Los que perseveran saben que es a costa del sacrificio de sus comodidades y del riesgo de sus vidas. Pero los hijos de los que permanecieron, los sabras, tienen lo que no tuvieron sus antepasados: raíces. Y para ellos Jerusalén es algo muy concreto y muy tangible: una cantera que se labra, una semilla que se siembra, un fusil que se carga. Y música para sostener la vigilancia. Que es incesante. Que es ardua. Pero que no es, no puede ser, inútil.

*Rosario Castellanos (Ciudad de México, 1925- Tel Aviv, 1974). Embajadora de México en Israel de 1971 a 1974. Becaria Rockefeller en el Centro Mexicano de Escritores (1954- 1955). Promotora cultural en el Instituto de Ciencias y Artes en Tuxtla Gutiérrez, Chiapas; directora de Teatro Guiñol en el Centro Coordinador Tzeltal-Tzotzil, en el Instituto Nacional Indigenista en San Cristóbal, Chiapas. Directora general de Información y Prensa de la Universidad Nacional Autónoma de México (1960-1966).Profesora en la Facultad de Filosofía y Letras de la Universidad Nacional Autónoma de México (1962-1971).

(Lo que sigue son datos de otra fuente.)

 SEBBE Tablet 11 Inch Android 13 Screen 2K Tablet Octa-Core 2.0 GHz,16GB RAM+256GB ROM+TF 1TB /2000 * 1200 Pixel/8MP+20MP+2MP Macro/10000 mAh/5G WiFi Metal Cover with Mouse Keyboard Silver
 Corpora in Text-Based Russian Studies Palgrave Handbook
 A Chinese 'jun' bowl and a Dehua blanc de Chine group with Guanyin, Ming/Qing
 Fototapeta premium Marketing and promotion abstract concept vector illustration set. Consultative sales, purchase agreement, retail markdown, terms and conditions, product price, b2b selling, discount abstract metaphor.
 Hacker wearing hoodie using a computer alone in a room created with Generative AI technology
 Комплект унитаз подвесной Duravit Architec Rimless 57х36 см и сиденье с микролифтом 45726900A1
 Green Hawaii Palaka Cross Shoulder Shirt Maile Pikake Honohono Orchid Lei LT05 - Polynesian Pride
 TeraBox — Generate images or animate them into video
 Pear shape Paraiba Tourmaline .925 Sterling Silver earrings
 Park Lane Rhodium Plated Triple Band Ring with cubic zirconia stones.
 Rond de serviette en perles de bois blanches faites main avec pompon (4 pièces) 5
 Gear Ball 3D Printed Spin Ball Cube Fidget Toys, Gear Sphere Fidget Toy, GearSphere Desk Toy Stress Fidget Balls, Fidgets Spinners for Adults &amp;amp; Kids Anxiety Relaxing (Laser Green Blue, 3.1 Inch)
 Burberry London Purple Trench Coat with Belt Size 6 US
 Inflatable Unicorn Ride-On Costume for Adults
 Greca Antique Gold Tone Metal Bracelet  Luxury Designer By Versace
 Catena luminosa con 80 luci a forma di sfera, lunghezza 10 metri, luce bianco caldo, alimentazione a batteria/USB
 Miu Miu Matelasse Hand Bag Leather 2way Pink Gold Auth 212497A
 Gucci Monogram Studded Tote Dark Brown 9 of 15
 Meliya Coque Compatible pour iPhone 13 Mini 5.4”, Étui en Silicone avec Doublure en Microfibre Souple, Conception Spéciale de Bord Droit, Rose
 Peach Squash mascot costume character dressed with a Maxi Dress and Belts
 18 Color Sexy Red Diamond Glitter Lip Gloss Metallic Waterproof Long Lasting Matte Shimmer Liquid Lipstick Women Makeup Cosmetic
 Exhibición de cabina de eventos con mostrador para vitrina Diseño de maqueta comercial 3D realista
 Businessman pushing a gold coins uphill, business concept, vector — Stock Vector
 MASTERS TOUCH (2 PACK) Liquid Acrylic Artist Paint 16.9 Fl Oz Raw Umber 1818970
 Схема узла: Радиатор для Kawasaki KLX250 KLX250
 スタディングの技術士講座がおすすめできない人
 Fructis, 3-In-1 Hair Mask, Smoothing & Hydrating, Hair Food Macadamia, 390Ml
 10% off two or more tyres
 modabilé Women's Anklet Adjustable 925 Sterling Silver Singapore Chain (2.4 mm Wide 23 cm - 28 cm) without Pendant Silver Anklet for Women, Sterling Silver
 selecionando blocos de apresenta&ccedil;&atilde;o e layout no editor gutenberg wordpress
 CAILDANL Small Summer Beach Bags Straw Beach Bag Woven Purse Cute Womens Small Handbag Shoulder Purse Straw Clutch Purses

Obtuvo el Premio Chiapas 1958, por Balún Canán. En 1961 se le otorgó el Premio Xavier Villaurrutia por Ciudad real. En 1962 su libro Oficio de tinieblas obtuvo el Premio Sor Juana Inés de la Cruz. Además, fue merecedora al Premio Carlos Trouyet de Letras, 1967, y al Premio Elías Sourasky de Letras, 1972.

Su obra ha sido incluida en diversas antologías y traducida a varios idiomas. Este artículo fue publicado en Excelsior en julio de 1974.